# Colors and smooth shell



## Pond_Lilly (Feb 24, 2016)

I posted this wild tort picture few years ago, but want to ask again. What factors would contribute to bright coloration and smooth shell? In general, what substances torts need to get coloration, where do they get these colors from? I know about carotenoids, but is there anything else?

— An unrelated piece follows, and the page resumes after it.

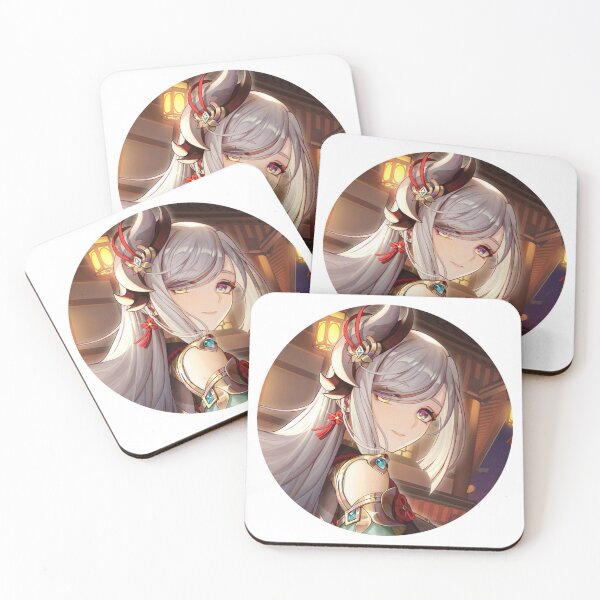 Item preview, Shenhe designed and sold by Lauwuuh.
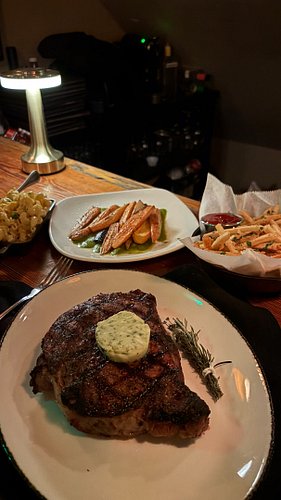 One of my favorite steakhouse experiences in Boston is right downtown @bogiesplace which is connected to @jmcurleybar and @th...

And the shell....could it be that they dig and bury themselves in the soil and it polishes the shell somehow? Maybe it is swimming or a rain water that does it?


----------



## Anyfoot (Feb 26, 2016)

Pond_Lilly said:


> I posted this wild tort picture few years ago, but want to ask again. What factors would contribute to bright coloration and smooth shell? In general, what substances torts need to get coloration, where do they get these colors from? I know about carotenoids, but is there anything else?
> 
> And the shell....could it be that they dig and bury themselves in the soil and it polishes the shell somehow? Maybe it is swimming or a rain water that does it?
> View attachment 166001


 Nice question. One I ask myself over and over.
Things that come to my mind are, diet, humidity, growth rate, natural abrasion on wc carapace, exercise. Does stress contribute? or lack of maybe the case. 
Does anyone out there have a WC that has grown since being captive and the growth as carried on exactly the same as it was in the wild?


----------



## Pond_Lilly (Feb 28, 2016)

I am curious about what foods could enhance colors, for example. Torts have to get some compound from somewhere for that red they have, don't they? You are right, there are so many variables that could contribute...


----------



## Yvonne G (Feb 28, 2016)

To make red-factor canaries more colorful, 'they' feed them foods high in beta carotene. I wonder if that would hold true for RF tortoises too.


----------